[Exercise goal] Give back each entry word for word, but drop the images.

---- Data in this exercise

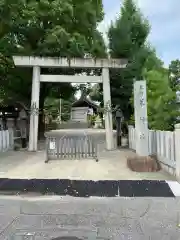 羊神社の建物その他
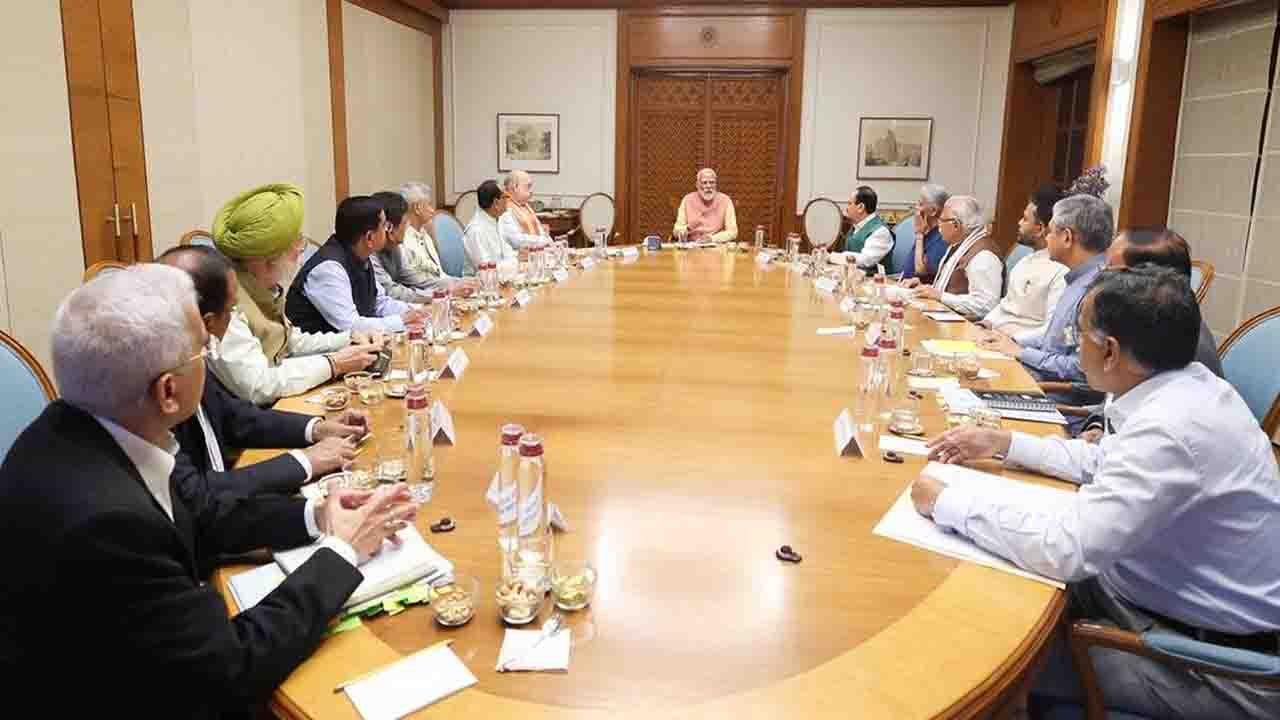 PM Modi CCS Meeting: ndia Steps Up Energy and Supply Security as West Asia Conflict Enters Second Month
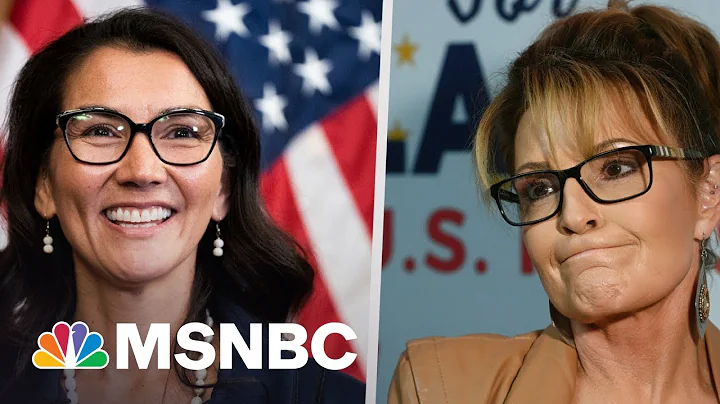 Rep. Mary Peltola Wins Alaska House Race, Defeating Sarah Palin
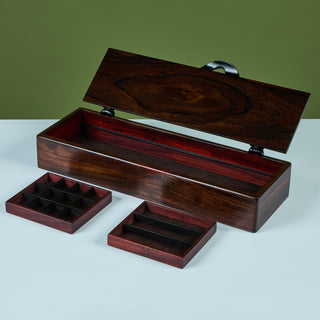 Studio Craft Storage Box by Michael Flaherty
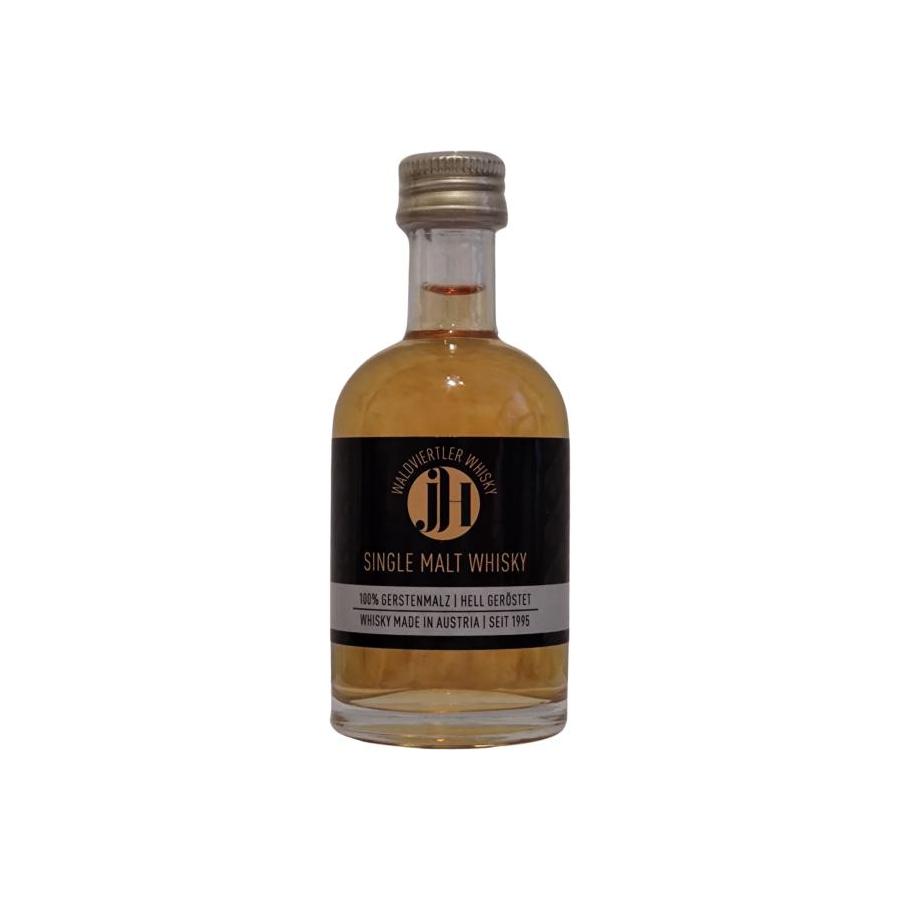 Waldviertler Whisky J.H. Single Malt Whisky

--------

[Answer to this exercise]
 羊神社の建物その他
 PM Modi CCS Meeting: ndia Steps Up Energy and Supply Security as West Asia Conflict Enters Second Month
 Rep. Mary Peltola Wins Alaska House Race, Defeating Sarah Palin
 Studio Craft Storage Box by Michael Flaherty
 Waldviertler Whisky J.H. Single Malt Whisky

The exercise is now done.